At this point, it started to look like a “phantom outage”; that is, until some major apps like Spotify and Discord started to report failures, which were quickly linked to an issue within Google’s cloud.
It then became apparent that Google was an “upstream provider” for the other impacted services, as well as other cloud providers. According to the official incident report, the issue was related to a Google's Traffic Director service used to load balance across clusters of containers or VMs that are split between regions of a single cloud or across different clouds. The same Google service can also be used to configure and run sophisticated traffic control policies.
There are good reasons to have this setup, particularly for web apps with global audiences. For instance, it makes it possible for some components to be served out of a central location while other more dynamic aspects of the experience, such as localized advertisement insertion, can be hosted in the country where the user is located. These pieces all need to be orchestrated so that the app works seamlessly, and software and service suites exist to do that.
If the software handling the orchestration starts to fail, this experience can be less seamless and impact users.
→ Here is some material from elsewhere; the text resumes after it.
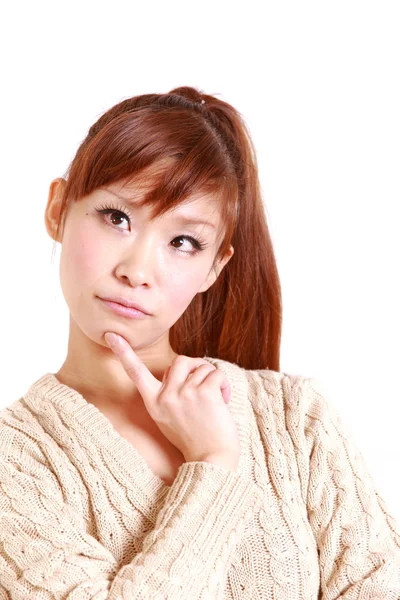 Japanese young woman thinks about something — Stock Photo, Image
This appears to be the case with the Google Traffic Director issue, which was introduced during a configuration update that then had to be rolled back.
The issue effectively deprogrammed customers’ Traffic Director-managed clients. “The effect of the deprogramming for users behind GCLB [Google Cloud Load Balancing] would have been visible as 500 errors,” Google stated in a brief post-incident report. “Some affected customers were able to mitigate the issue for themselves through the workaround of moving to backends that were not Traffic Director-managed.”
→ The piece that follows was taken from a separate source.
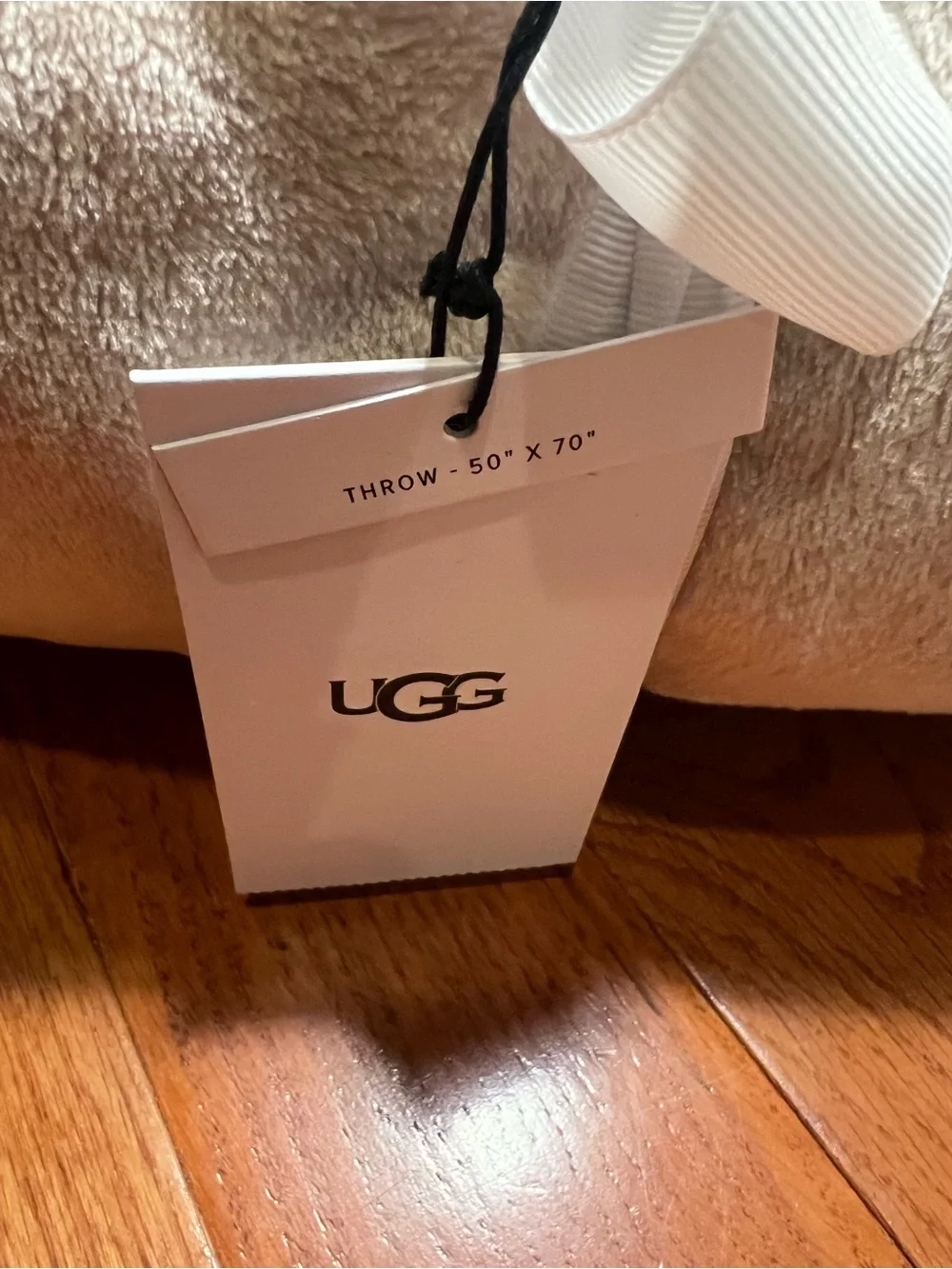 UGG Plush Throw in Light Beige with White Ribbon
It’s worth highlighting a couple of things about this incident.
First, it can be challenging to pinpoint where an issue actually is without holistic visibility. The way this issue manifested itself led many users to look in all the wrong places. The root cause was relatively obscure, and being able to correctly identify it was dependent on how well customers understood where all their containers and services were being served from. This was real “network within a network” type complexity.
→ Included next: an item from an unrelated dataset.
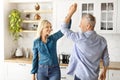 Portrait Of Cheerful Older Couple Dancing Together In Kitchen Interior Royalty Free Stock Photo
Second, this wasn’t strictly a widespread global outage, even though it had the potential to be one.
Some of that had to do with the timing, but also part of it was likely the result of the smart setups that cloud providers (and many of their customers) now employ. The sky didn’t fall for many companies, and users in many regions barely noticed there were problems, if at all, despite speculation of widespread issues.
For companies that did take longer to recognize and mitigate against the fault this time, one would expect them to perform much better if the situation was ever to repeat. Such is the life of a cloud engineer or SRE. Continuous improvement and delivery are baked into the ethos and core of the cloud operating model.
Large-scale web application providers use—and will continue to use—services like Traffic Director because they offer a way to give the best experience to users. They’re part of a smart architectural approach for web- and cloud-based businesses.
Over the past week, the downward trend in total global outage numbers observed previously continued for a third consecutive week, with levels dropping from 256 to 210—an 18% decrease compared to the previous week. This decrease was reflected domestically, with observed outages dropping from 109 to 66—a 39% decrease compared to the previous week. As U.S. outages had a larger drop compared to total global outages observed over the previous week means that U.S. outages contributed 12% less to the total global outage number compared to the previous week—domestic observed outages contributed only 31% of global outages last week.
The takeaway this week? Outages are endemic on the Internet, but the mere existence of outages doesn’t discourage large organizations from using the cloud to host and run mission-critical workloads. They’re confident in being able to engineer their setup to recognize degradation, mitigate against it, or recover from any degradation or outage situation. The cloud providers know they also have a role to play in this, and they are making efforts to reduce outages—or at least the potential blast radius of them.
In saying that, every outage experienced creates learnings and leads to improved architectural resiliency, and we’d expect no less in this instance.